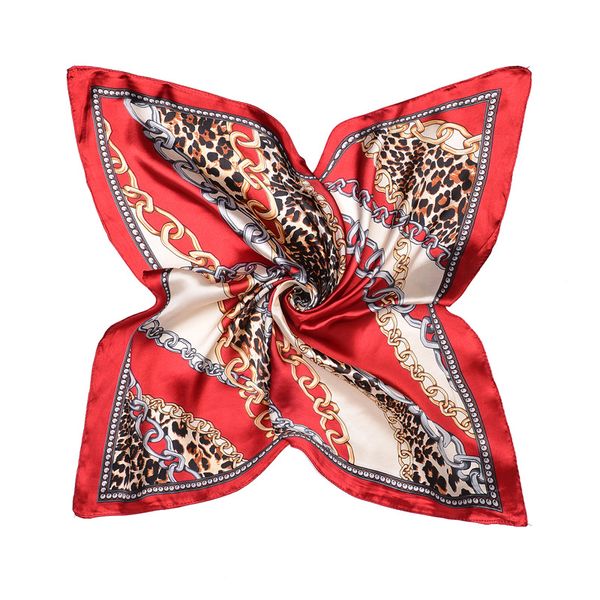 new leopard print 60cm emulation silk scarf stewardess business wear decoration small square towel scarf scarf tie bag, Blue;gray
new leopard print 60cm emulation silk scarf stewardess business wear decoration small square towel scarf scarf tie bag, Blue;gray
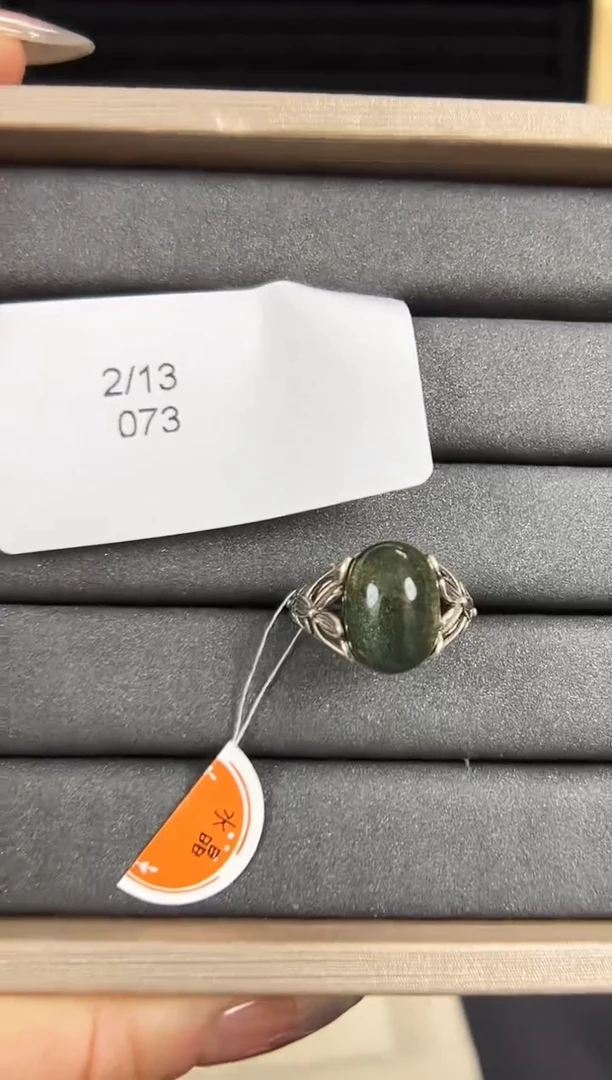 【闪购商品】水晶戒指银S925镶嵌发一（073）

::::::::::

**TASK INSTRUCTIONS**
Could the data above be repeated exactly, with every picture dropped?

**RESPONSE TO THE EXERCISE**
 new leopard print 60cm emulation silk scarf stewardess business wear decoration small square towel scarf scarf tie bag, Blue;gray
new leopard print 60cm emulation silk scarf stewardess business wear decoration small square towel scarf scarf tie bag, Blue;gray
 【闪购商品】水晶戒指银S925镶嵌发一（073）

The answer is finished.